Doch dann folgte das Qualifying, in dem er seine zwei Stunden zuvor aufgestellte persönliche Bestzeit um sieben Zehntel verpasste. Der Grund: in beiden fliegenden Runden kam er in Kurve 12 zu weit raus. "Das nervt mich wirklich. Das Auto war da für das Qualifying und meine Runden waren gut - bis ich zu weit rausgekommen bin. Wir müssten viel weiter vorne stehen in der Startaufstellung", meint Magnussen. Doch auch dies ist ein Effekt der neuen Autos. Die höhere Belastung erschwert es noch einmal zusätzlich, sich auf den Punkt zu konzentrieren und keine Fehler zu machen.

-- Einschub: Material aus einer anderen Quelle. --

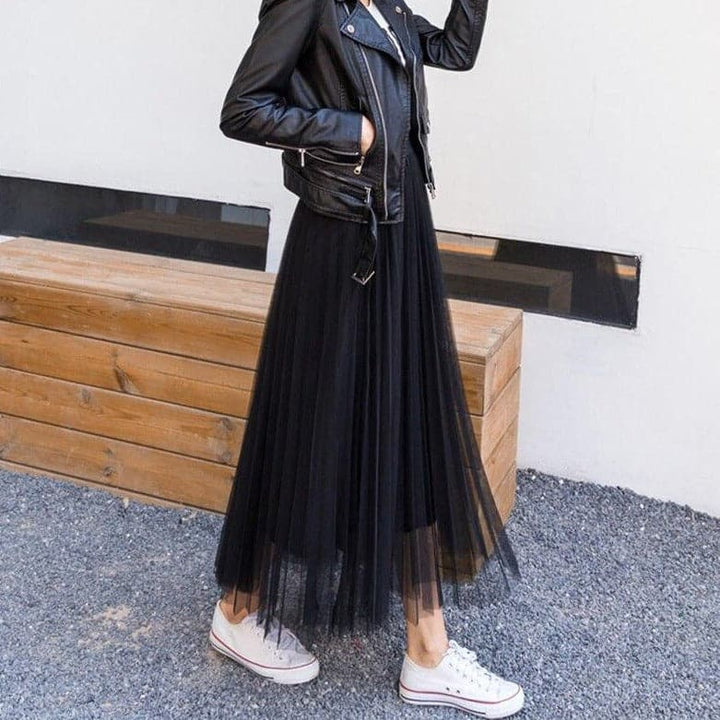 Black tulle maxi skirt worn with leather jacket and white sneakers | Grace Aura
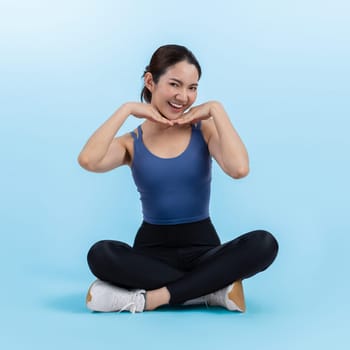 Full body asian woman in sportswear portrait, smiling and posing cheerful gesture. Workout training with attractive girl engage in her pursuit of healthy lifestyle. Isolated background Vigorous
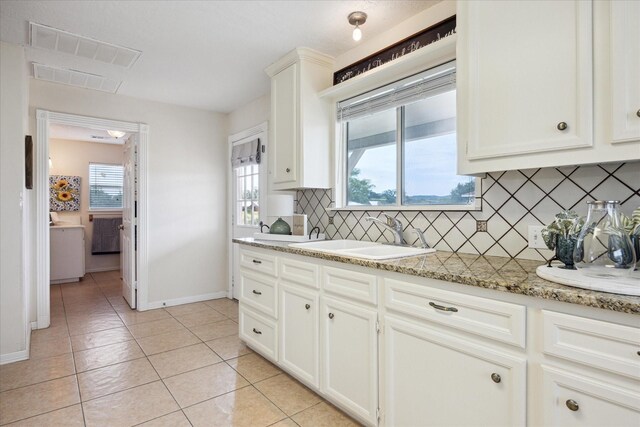 115 N River Place Rd, Rio Frio, TX 78879 - kitchen featuring a sink, healthy amount of natural light, tasteful backsplash, and baseboards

Routinier Massa deutlich schneller als Jungspund Stroll, Foto: Sutton
Routinier Massa deutlich schneller als Jungspund Stroll, Foto: Sutton

Williams: Jungspund Stroll sieht alt aus

Rookies, die auf Anhieb mit den gestandenen Profis mitfahren? 2017 scheint das auf den ersten Blick unmöglich zu sein. Bei Williams sieht man bei detaillierter Betrachtung jedoch, dass man Vorsicht walten lassen sollte. Bekanntermaßen ist das Team freitags mit mehr Sprit unterwegs. Mit sechs respektive zwei Zehnteln Rückstand auf den Brasilianer verkaufte sich Stroll gut. Doch am Samstag lief es schlechter für den Kanadier. Crash im dritten Training, der eine lange Reparatur nach sich zog. Zwar wurde das Auto rechtzeitig zum Qualifying fertig, doch Stroll blieb eine halbe Sekunde über seiner Bestzeit des Vortages. Auf Massa, der sich enorm steigerte auf 1:25.0, fehlten satte zwei Sekunden.

McLaren: Alonso hat Vandoorne im Griff

Auch der zweite Rookie im Feld, Stoffel Vandoorne, zog gegen seinen erfahrenen Teamkollegen Fernando Alonso deutlich den Kürzeren. Eine satte Sekunde schneller als der Belgier war Alonso in Q1. Während der Spanier damit ziemlich locker den nächsten Abschnitt der Qualifikation erreichte, war für Vandoorne Endstation. Doch auch hier gibt es eine Erklärung: Vandoorne konnte keinen finalen Versuch mehr fahren. Ein Problem mit dem Benzindruck zwang ihn zur vorzeitigen Aufgabe. "Es wäre mehr drin gewesen, wenn ich die Chance gehabt hätte, drei Runden zu fahren", ist sich Vandoorne sicher.